Will mandatory “return-to-office” improve employee performance or vice versa? | Experts’ Opinions

Although it now seems like it’s been around forever, working from home was almost a utopian dream just a few years ago. Thanks to the COVID-19 pandemic, the trends in remote working greatly accelerated and while some employees acknowledge certain benefits of this, such as an improved work-life balance, reduced spending, and increased productivity, others complain about experiencing something they never have before – burnout. Today, with the pandemic being declared over, 90% of companies predict they will return to their offices by the end of 2024. With this in mind, the question as to whether mandatory return-to-office (RTO) policies will improve performance or lead to more people quietly quitting becomes fairly serious. Let’s see what DevelopmentAid experts have to say about this issue.

Key Takeaways:

  • In a survey conducted by LinkedIn, more than half of the respondents believe that remote work is effective for their industry.
  • Most company executives believe that returning to the office in 2024 will boost revenue, improve company culture, and increase employee productivity.
  • Experts highlight that mandatory return-to-office policies can encourage collaboration, improve communication, and foster team dynamics.
  • On the other hand, some employees may experience dissatisfaction or reduced motivation with a mandatory return to the office leading to potential resignations.

DevelopmentAid: In your opinion, will mandatory RTO improve performance or lead to increased ‘quiet quitting’?

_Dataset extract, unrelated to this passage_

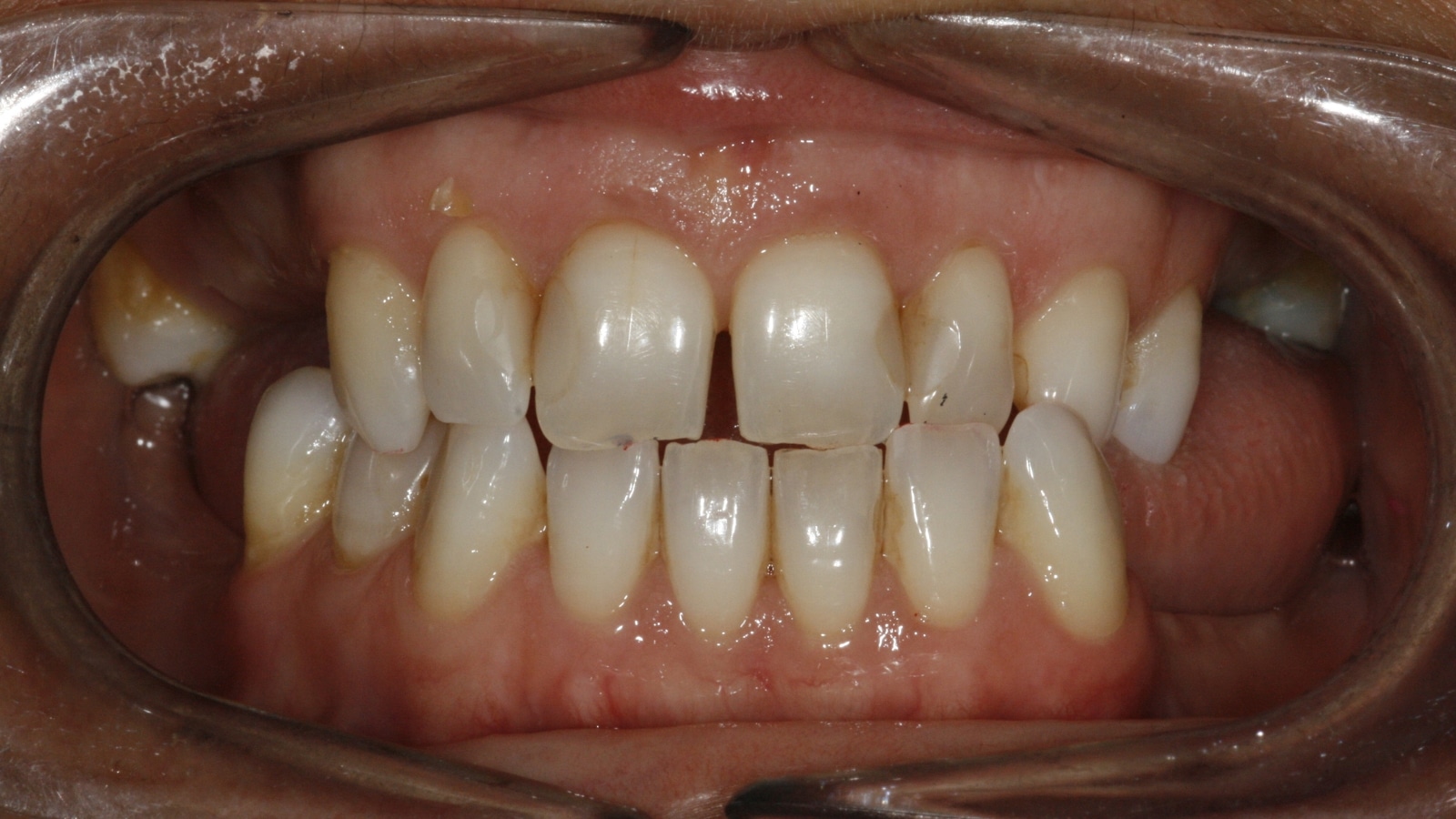 Implantes dentários — antes do tratamento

Selevasio Lebaiwasa, international expert
Selevasio Chandra, Human Resources Specialist

“Mandatory RTO policies can have both positive and negative effects on performance and employee satisfaction. On one hand, office work can improve performance by fostering collaboration, boosting communication, and enhancing team dynamics. Being physically present in the office allows for spontaneous interactions, brainstorming sessions, and face-to-face discussions that can lead to increased productivity and innovation. However, on the flip side, it may also lead to more quiet quitting or employees leaving the company. Some individuals thrive in remote work environments and may feel constrained or less motivated when forced to return to the office. This could result in decreased job satisfaction, a worse work-life balance, and ultimately, employees seeking opportunities elsewhere. It’s important for organizations to find a balance that works for both the company and its employees. Flexible working arrangements, such as hybrid models, can provide the best of both worlds, allowing employees to have some days in the office for collaboration while still having the flexibility to work remotely when needed. Ultimately, the impact of mandatory RTO on performance and employee retention will vary depending on the specific circumstances and the needs of the individuals involved. It’s crucial for companies to consider the preferences and well-being of their employees when making such decisions.”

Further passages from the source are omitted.